The rise of industrial instant corn flour, masa harina, represents not only a gastronomic loss (the stuff tastes lousy), but a death blow to Mexico’s corn heritage.

Several years ago, while researching a story about gourmet tacos, I called Diana Kennedy at her home in Michoacán in Mexico. Kennedy, who is 95, is often described as the Julia Child of Mexico, owing to the fact that in her six decades living there, she has written a series of cookbooks that demystified the nation’s complex and highly regional cuisine for an international audience. When it comes to temperament, though, the two women share little in common. While Child was bubbly and solicitous, Kennedy has a thornier nature—which came into full bloom when we began to discuss corn tortillas. Her position was that the vast majority of them, in Mexico as well as the United States, are inedible: “To me, a taco with a tortilla made from that powdered thing…well, there’s no point in having a taco.”

“That powdered thing” she was referring to is Maseca, the world’s best-selling brand of masa harina: corn dough dehydrated to a flour, which can be reconstituted with hot water for fresh-pressed tortillas. This is the method, and the very brand, recommended for making corn tortillas “from scratch” by virtually every English-language cooking reference that I’m aware of, from The New York Times to Serious Eats. Rick Bayless, one of this country’s foremost authorities on Mexican food, calls for Maseca in his cookbooks. Even Saveur, a magazine known for cooking coverage that verges on culinary ethnography, has a video on its website of the chef Jose Garces whipping up tortillas from Maseca, which, to hear Kennedy tell it, is like a highly trained barista demonstrating how to stir Folgers into boiling water.

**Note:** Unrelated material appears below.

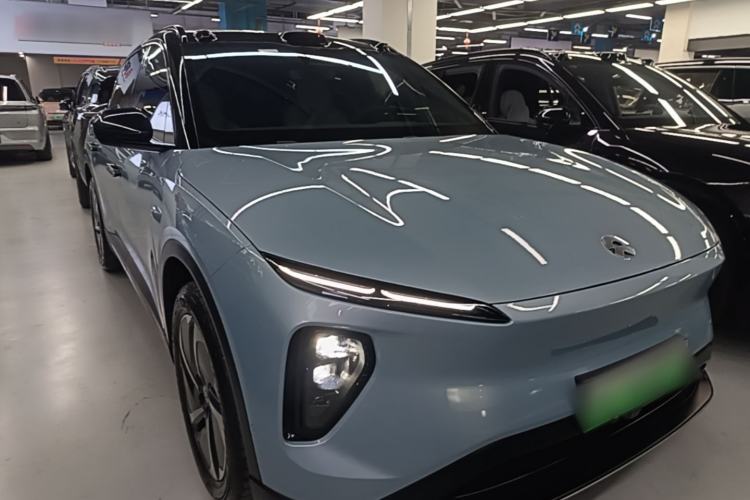 Used Nio ES6 2023 75 kWh Front Right 45 Deg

Paging through The Cuisines of Mexico—Kennedy’s iconic 1972 field guide for Mexican foodwaysI learned that making corn tortillas from scratch does not begin by buying a bag of Maseca on the internet, after all. The first step is growing the corn, a traditional practice for rural Mexican families who wish to produce enough grain for their own use. The kernels are dried and stored, and then every time tortillas are made, steeped in a mixture of water and pickling lime overnight to remove their fibrous hulls (a process called nixtamalization). Next, the softened corn must be drained and ground by hand, between stones, into masa, then pressed into tortillas and cooked on a griddle. Start to finish, the process takes as long as 20 hours; because masa ferments quickly, it must be repeated daily and has been in homes across Central America since pre-Columbian times. “The cooking of corn in Mexico, with all its elaborations and ramifications, is, and always has been, within the realm of the highest culinary art, beyond that of any other country,” Kennedy writes. Masa is hard. Masa makes the egg sushi from Jiro Dreams of Sushi look like a parlor game.

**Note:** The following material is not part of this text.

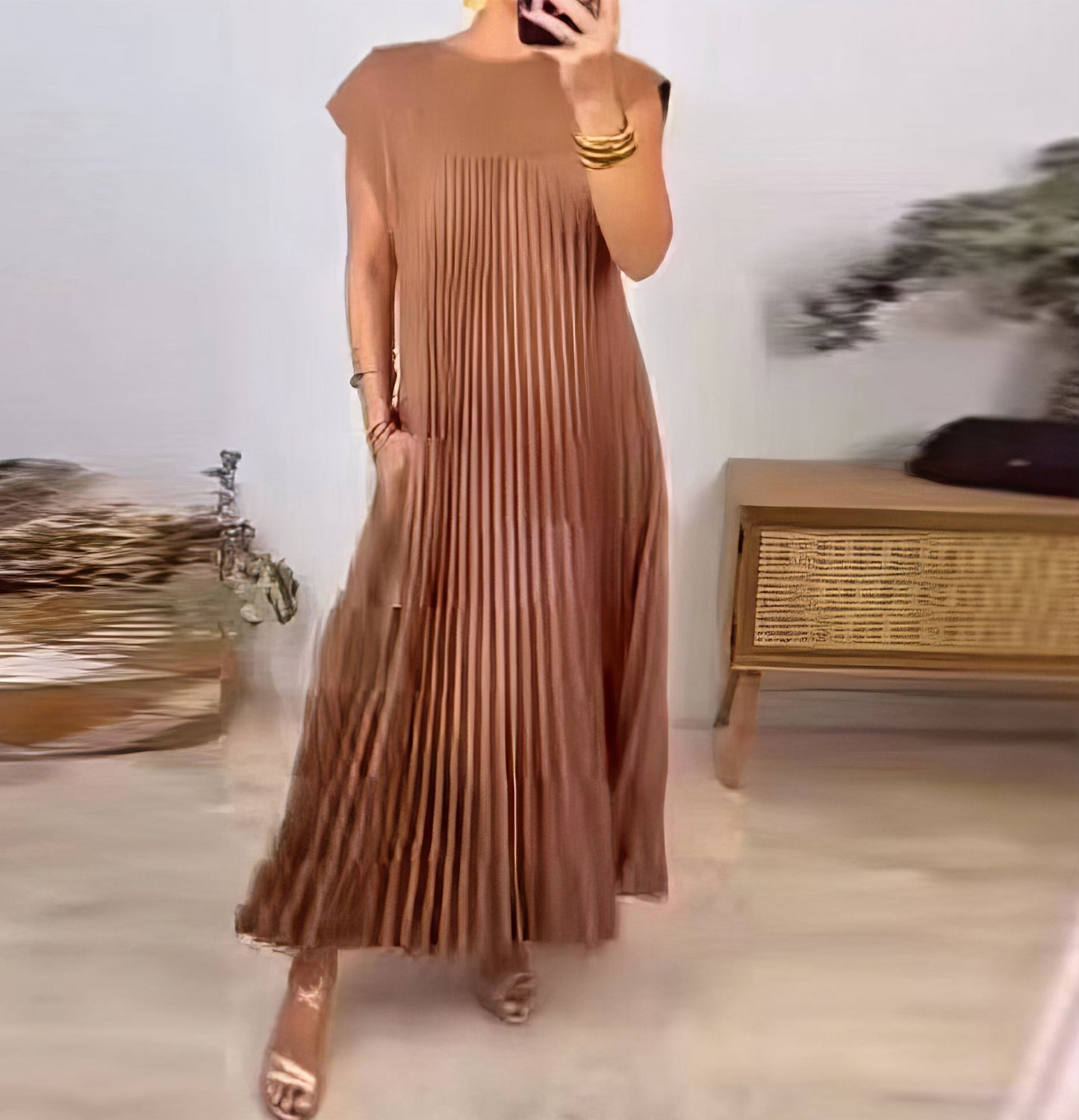 ELEONORA - DRESS WITH PLEATED SLEEVELESS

Enter Maseca, in the glossy white bag emblazoned with an ear of corn, rendered in cheerful tones of yellow and green. In the United States, Maseca can be found in Mexican mercados and increasingly also supermarkets, WalMarts, and of course on Amazon, where a two-kilo bag costs $5. Dump the sandy powder in a bowl, add hot water, roll it into balls, and press: ersatz corn tortillas in under 15 minutes. I consider myself a tortilla novice but have by this point eaten quite a variety of them, from the ethereal versions made daily from heirloom Mexican corn at the restaurant Cosme in New York City to the gummy, acrid Mission brand ones sold at Safeway. My verdict: To someone who wasn’t raised on real-deal tortillas from fresh masa, Maseca tortillas may be short on flavor, but they are hardly repugnant. I wondered what, exactly, this lady’s problem was.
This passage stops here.